Citando Giovanni Carbonazzi, direttore della “grande strada regia”, De Gregory demolisce la nomea del sardo pigro e infingardo (alcuni viaggiatori avevano attribuito lo stigma ai sardi per il clima…). Coloro che avevano lavorato alla realizzazione dell’attuale superstrada 131 erano, per Carbonazzi, dotati di gran vivacità di spirito, di voglia di apprendere e di “un’eccessiva attività nell’opra”.

Presente l’elogio dei Savoia e in particolare di Carlo Emmanuele, che salito al trono nel 1730, favorì lo sviluppo delle scienze, delle lettere e delle arti, fondò i magazzini di prestito del grano, avvio il servizio postale prima inesistente nell’isola e “incoraggiò il matrimonio delle povere zitelle, lor concedendo una dote di 200 lire”! De Gregory attribuisce poi grande sapienza legislativa a Carlo Alberto che, con l’editto del 26 febbraio 1839, tentò di correggere le storture dell’Editto delle chiudende del 1820 “non volendo turbare ogni individuo che avesse già coltivato un terreno comunale o demaniale dissodandolo e fertilizzandolo” e disponendo che potessero avere diritto alla divisione dei beni comunali solo gli abitanti e i possidenti del “medesimo comune”.

Quello che resta impresso nel lettore è che nel 1840 un uomo di cultura piemontese vedeva nel popolo sardo quello che “forma da sè solo una nazione distinta che fa parte della grande famiglia europea” se si pensa che oggi ad essere messa in discussione dal governo della nazione italiana é l’autonomia della Sardegna con le ipotesi di riforma del Titolo V della Costituzione miranti ad accentuare il centralismo statale con potere di controllo su ambiente, territorio, energia e infrastrutture.
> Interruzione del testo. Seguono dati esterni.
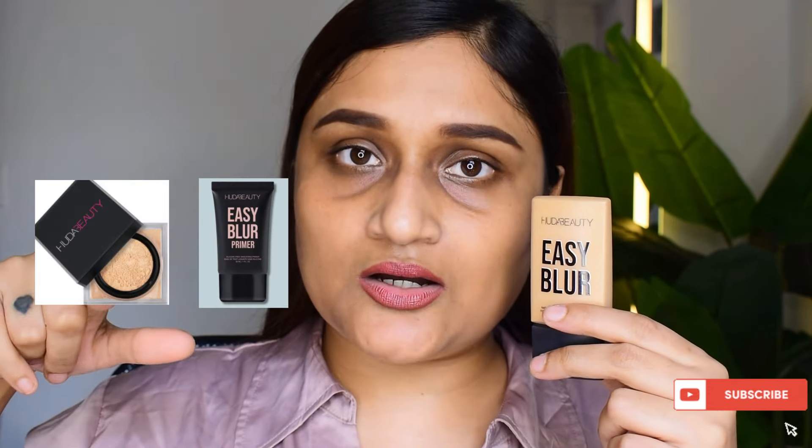The advertisements and promotional reels I saw of this collection — somehow, maybe I was being dumb — I think I did an impulse purchase and thought that just applying this one product would be enough for a perfect look. But later I realized, even in Huda's own video, that you're supposed to purchase not just the foundation but the primer and the powder as well. This is a three-step regime to a filtered face.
Altro che nazione distinta!

E’ davvero così improponibile immaginare per la Sardegna un futuro di nazione d’Europa? Dotata di una propria lingua, di tradizione democratica e solidale. Una nazione istruita che non lascia scappare altrove i propri giovani ad alta scolarità, che altrove manifestano ingegno, volontà e capacità di fare. La Sardegna è piccola, i sardi sono pochi? L’esempio di Malta fa giustizia di queste motivazioni. L’essere nazione, il sentirsi nazione, fa capo alla coscienza del popolo stesso. Non alle multas e locas appartenenze ideologiche e talvolta opportunistiche che spaziano dall’essere statalisti, autonomisti, federalisti, sovranisti o indipendentisti.